### Recorded information
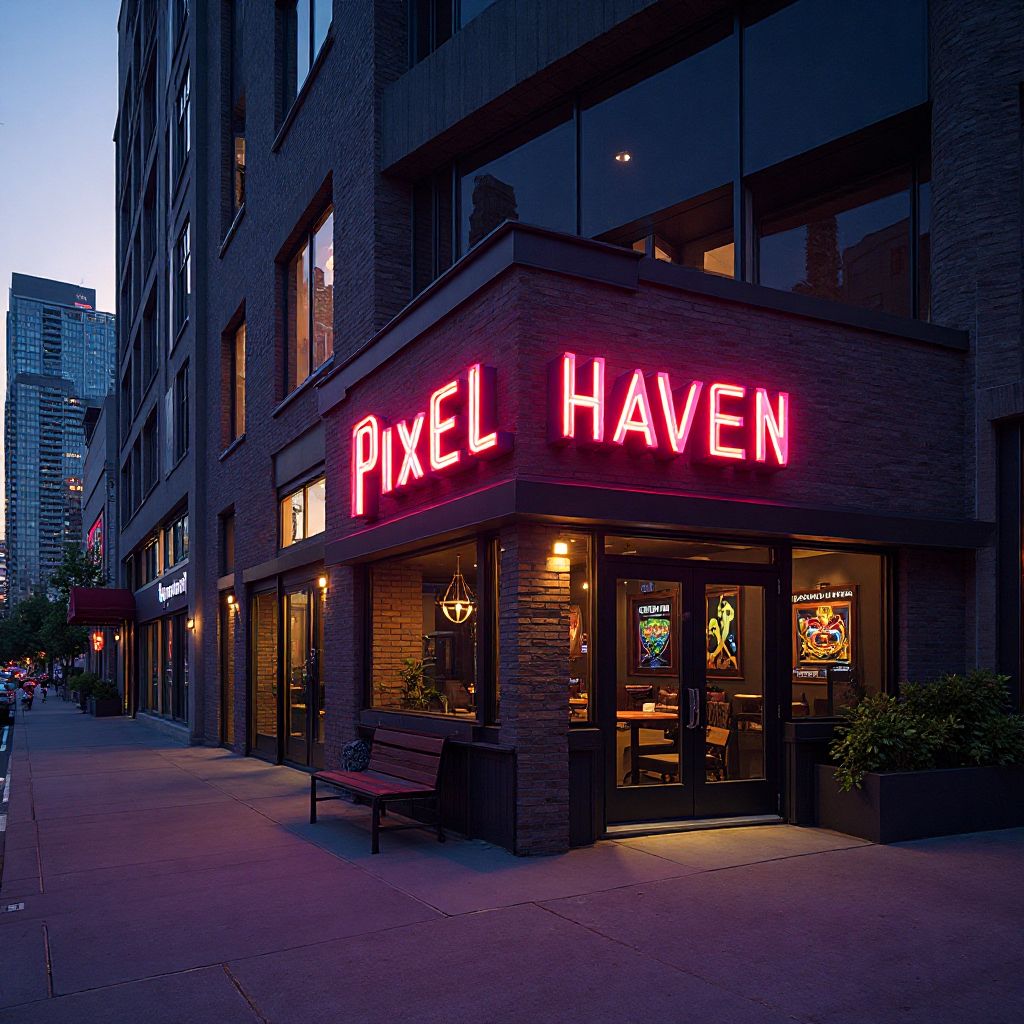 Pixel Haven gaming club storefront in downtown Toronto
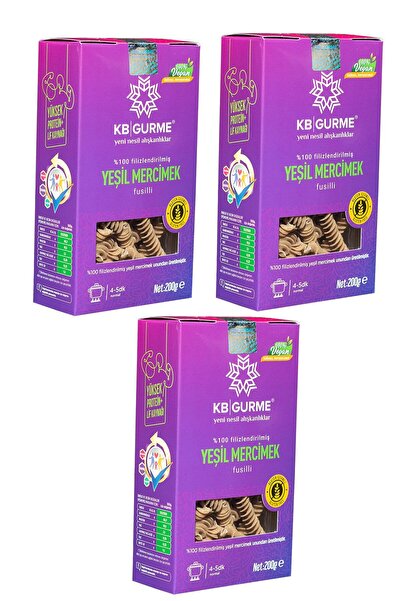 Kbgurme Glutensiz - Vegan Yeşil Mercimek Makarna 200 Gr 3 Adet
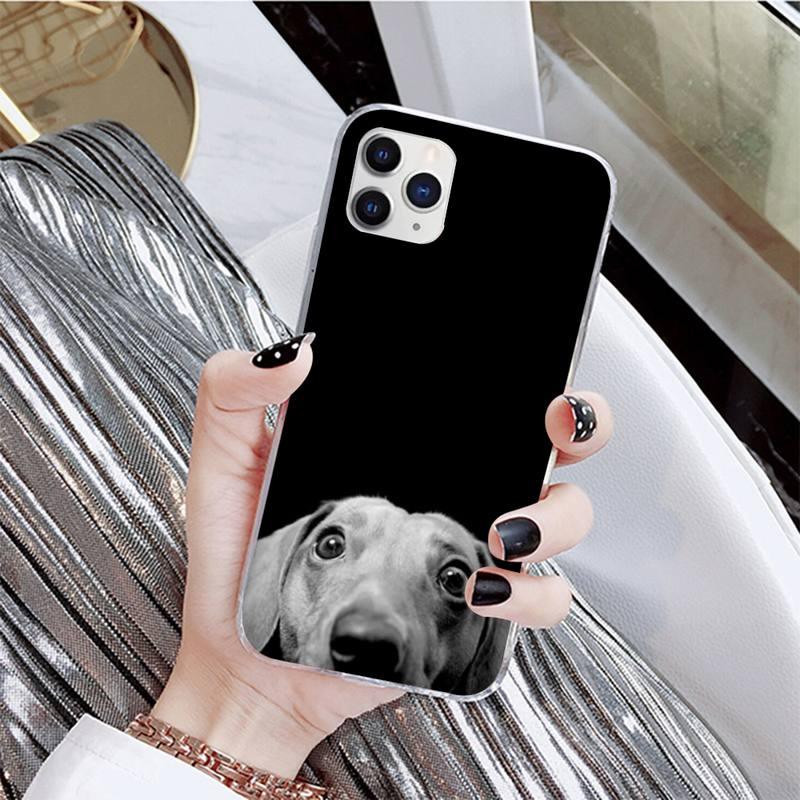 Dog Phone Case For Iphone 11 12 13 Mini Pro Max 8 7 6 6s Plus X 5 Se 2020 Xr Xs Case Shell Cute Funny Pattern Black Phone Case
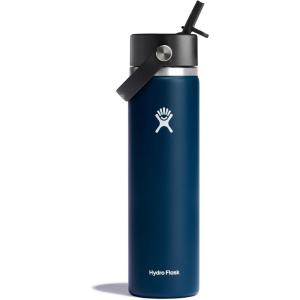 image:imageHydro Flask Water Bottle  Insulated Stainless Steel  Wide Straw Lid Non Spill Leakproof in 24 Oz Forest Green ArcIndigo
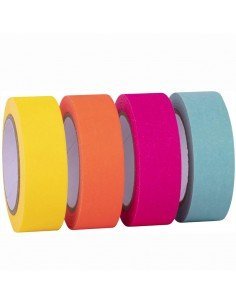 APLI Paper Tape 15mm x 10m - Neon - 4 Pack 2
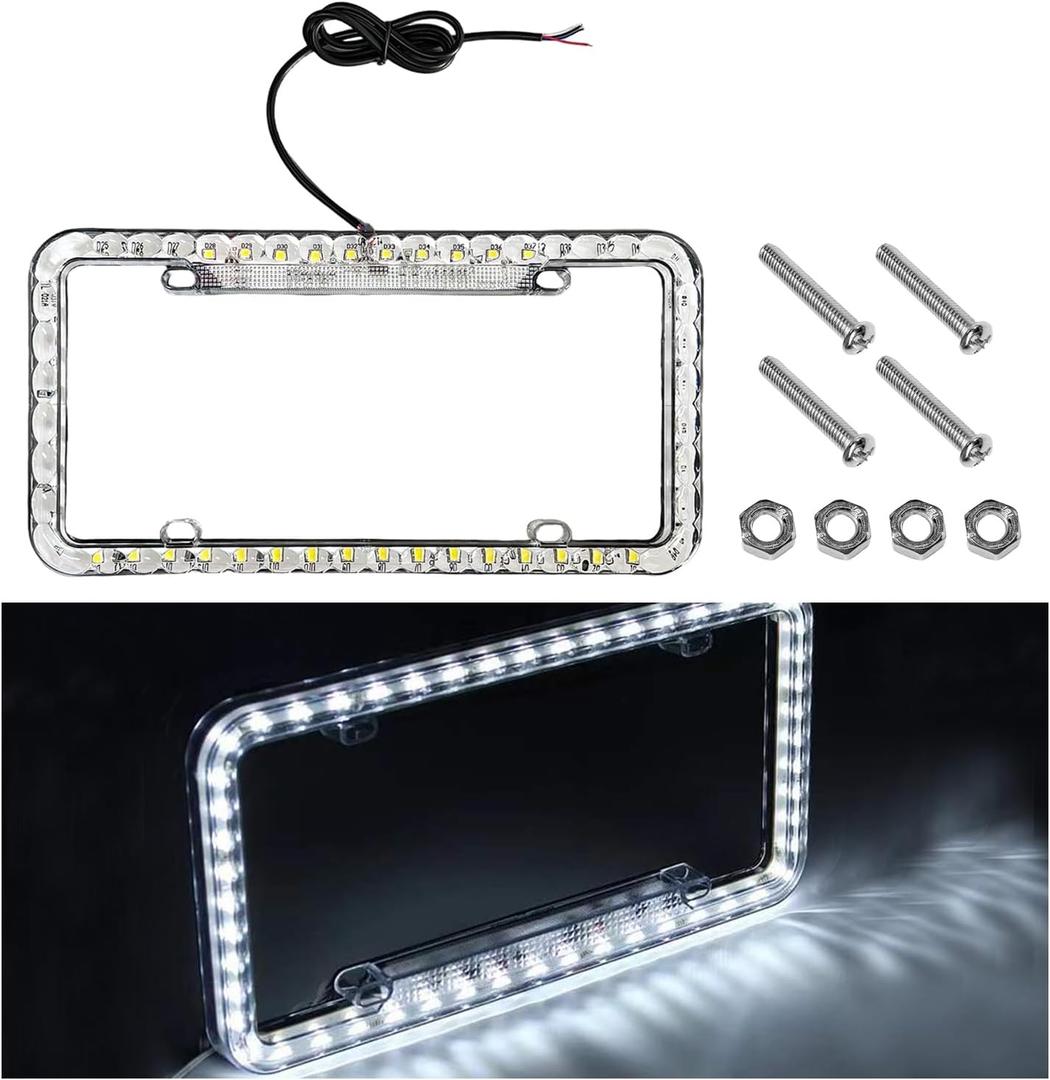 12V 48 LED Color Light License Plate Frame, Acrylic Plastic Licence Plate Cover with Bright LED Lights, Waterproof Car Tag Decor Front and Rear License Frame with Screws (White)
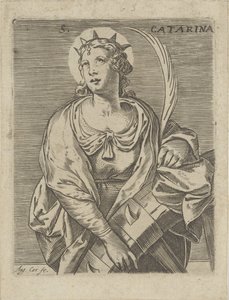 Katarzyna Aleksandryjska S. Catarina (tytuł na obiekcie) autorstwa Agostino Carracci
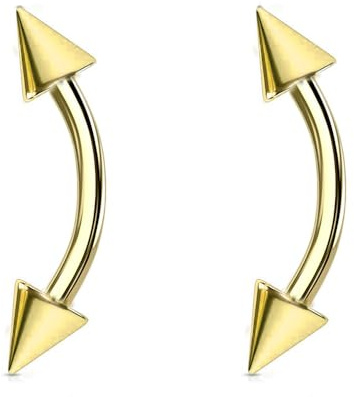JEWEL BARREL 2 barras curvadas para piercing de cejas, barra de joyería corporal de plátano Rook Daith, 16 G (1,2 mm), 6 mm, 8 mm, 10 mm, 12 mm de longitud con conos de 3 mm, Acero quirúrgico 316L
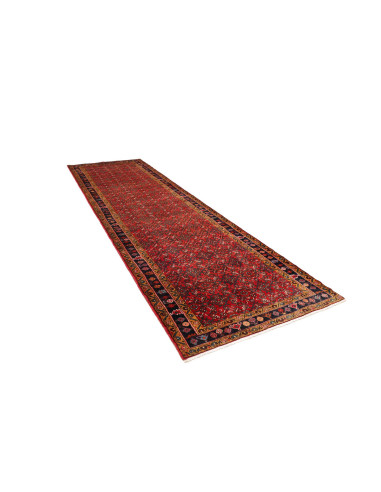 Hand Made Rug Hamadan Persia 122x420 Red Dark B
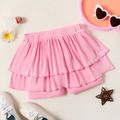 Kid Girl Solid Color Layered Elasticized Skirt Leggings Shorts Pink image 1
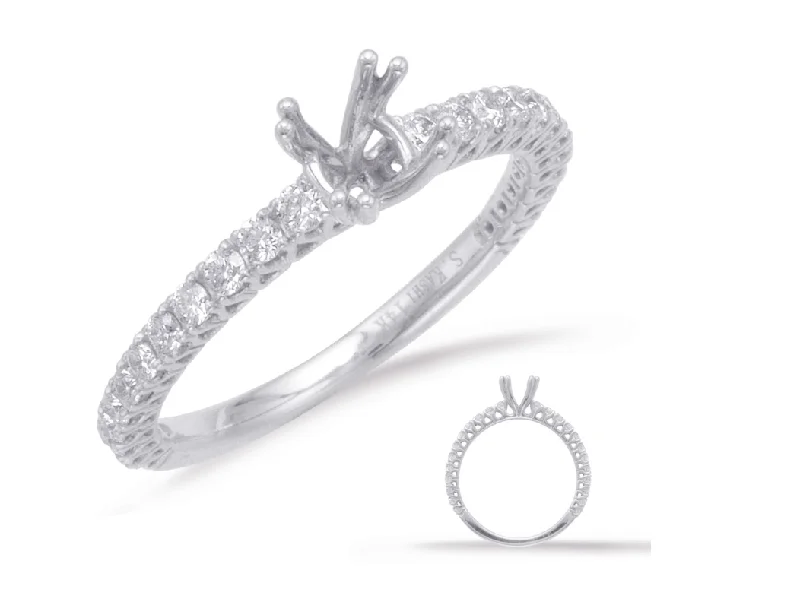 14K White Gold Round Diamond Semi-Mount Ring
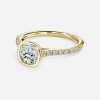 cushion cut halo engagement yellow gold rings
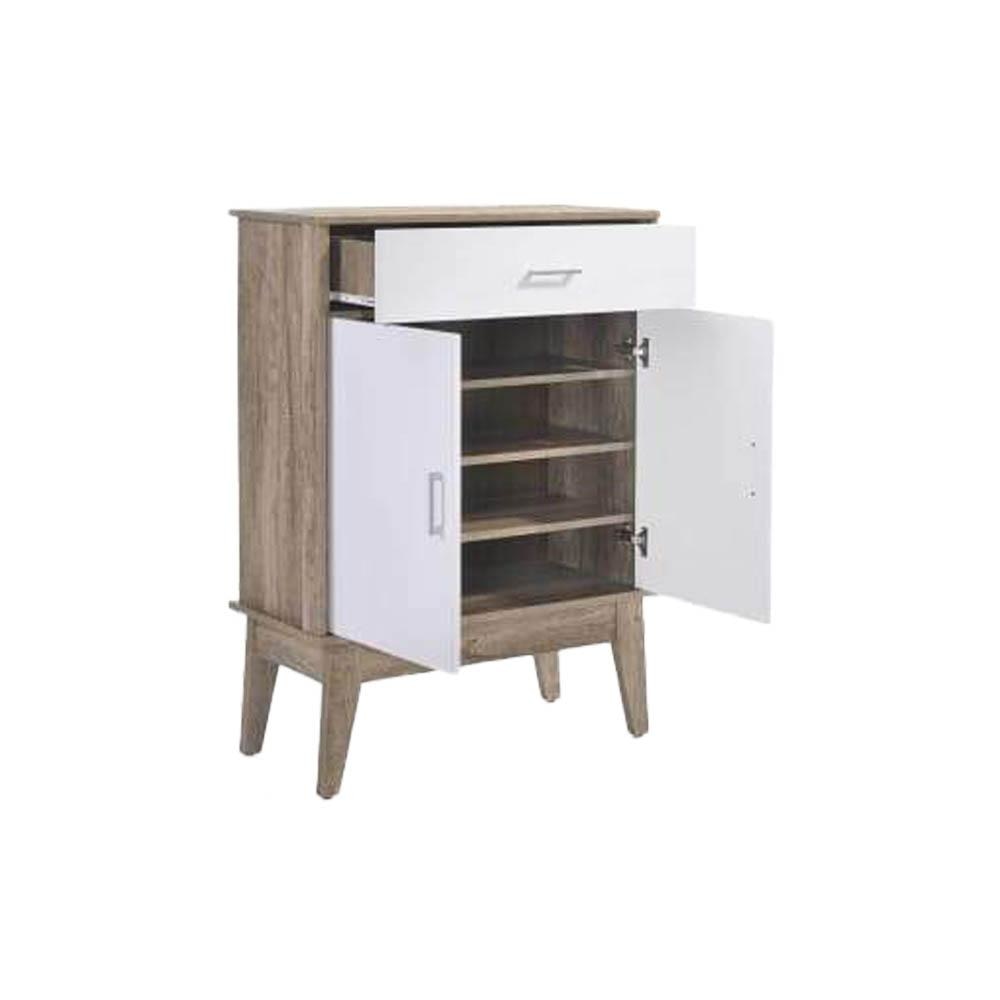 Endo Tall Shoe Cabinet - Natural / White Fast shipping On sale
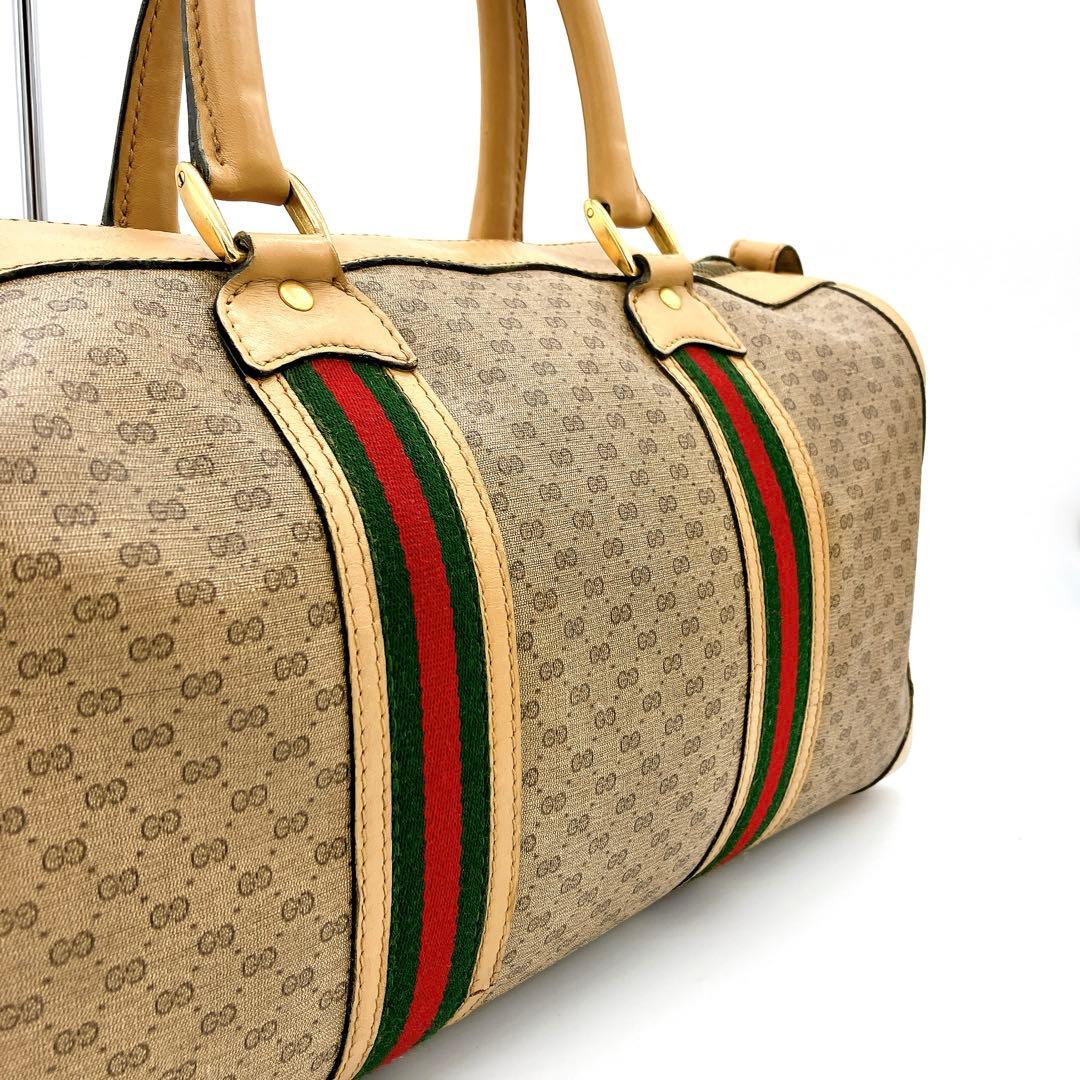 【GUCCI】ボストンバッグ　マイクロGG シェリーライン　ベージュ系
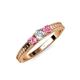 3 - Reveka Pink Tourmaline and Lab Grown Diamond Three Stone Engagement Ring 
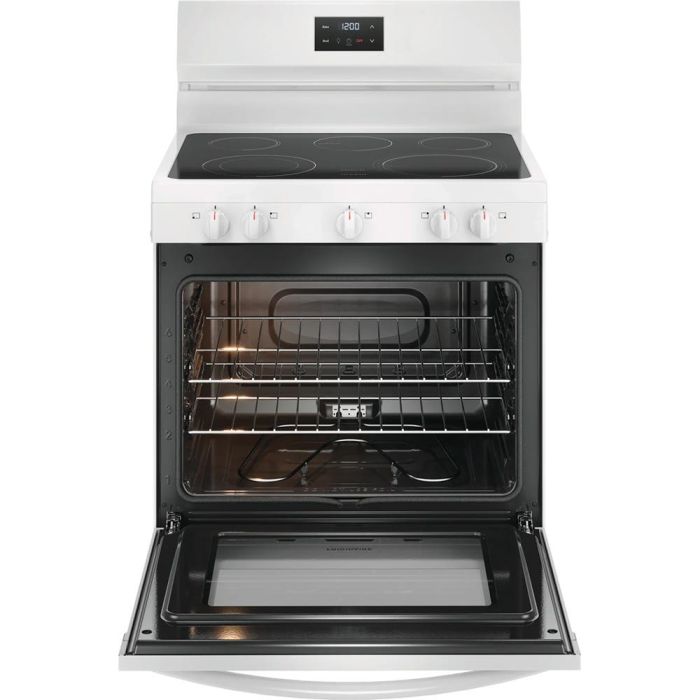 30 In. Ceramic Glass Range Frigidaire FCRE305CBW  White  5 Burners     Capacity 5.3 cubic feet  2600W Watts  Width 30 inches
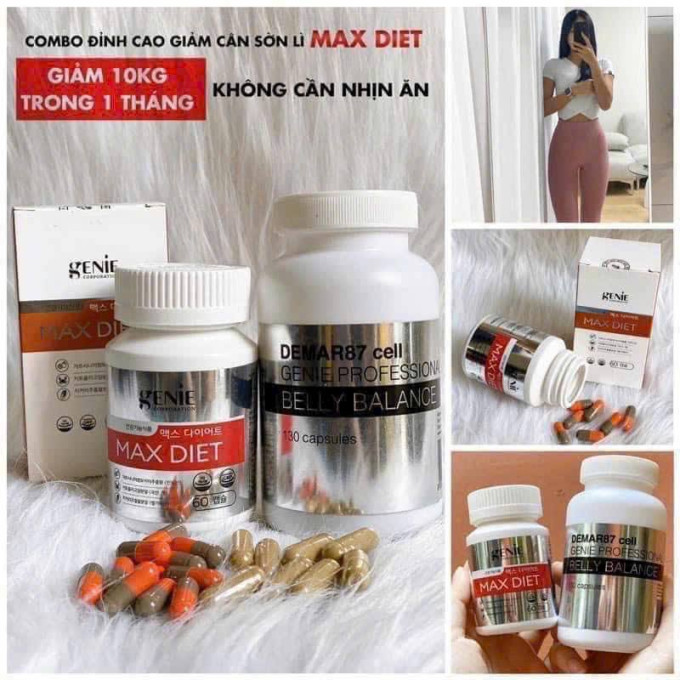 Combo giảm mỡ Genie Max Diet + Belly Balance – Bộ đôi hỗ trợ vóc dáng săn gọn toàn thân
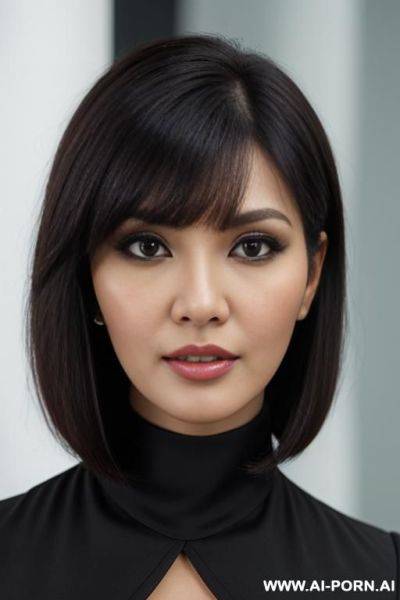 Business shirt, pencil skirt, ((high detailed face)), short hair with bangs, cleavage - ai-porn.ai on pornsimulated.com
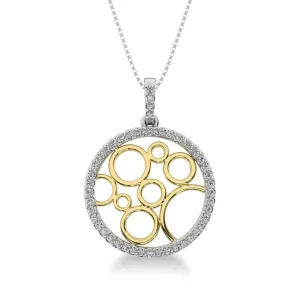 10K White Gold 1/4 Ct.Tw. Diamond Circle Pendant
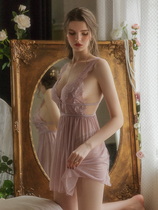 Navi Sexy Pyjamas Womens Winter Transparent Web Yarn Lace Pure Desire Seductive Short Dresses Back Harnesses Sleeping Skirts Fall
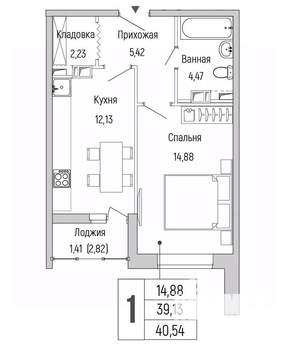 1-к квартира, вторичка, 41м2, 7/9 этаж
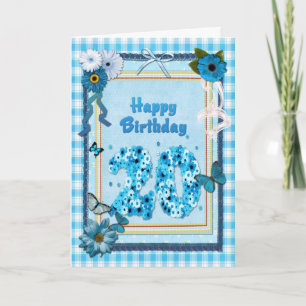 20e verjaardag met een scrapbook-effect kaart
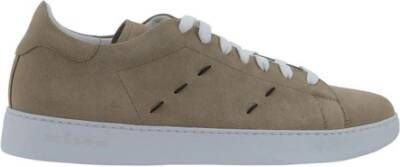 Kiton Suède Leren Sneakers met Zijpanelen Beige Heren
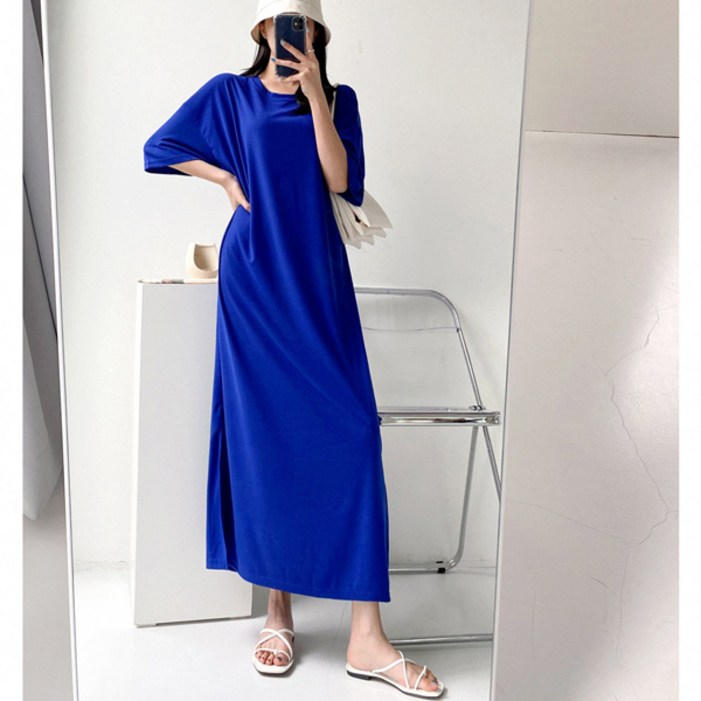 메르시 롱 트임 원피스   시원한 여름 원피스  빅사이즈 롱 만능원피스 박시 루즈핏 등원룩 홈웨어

### What the task requires
Hand back exactly the lines from the one with "Business shirt, pencil" through the last line of the data above, both ends included, with every picture left out.

### Worked solution
 Business shirt, pencil skirt, ((high detailed face)), short hair with bangs, cleavage - ai-porn.ai on pornsimulated.com
 10K White Gold 1/4 Ct.Tw. Diamond Circle Pendant
 Navi Sexy Pyjamas Womens Winter Transparent Web Yarn Lace Pure Desire Seductive Short Dresses Back Harnesses Sleeping Skirts Fall
 1-к квартира, вторичка, 41м2, 7/9 этаж
 20e verjaardag met een scrapbook-effect kaart
 Kiton Suède Leren Sneakers met Zijpanelen Beige Heren
 메르시 롱 트임 원피스   시원한 여름 원피스  빅사이즈 롱 만능원피스 박시 루즈핏 등원룩 홈웨어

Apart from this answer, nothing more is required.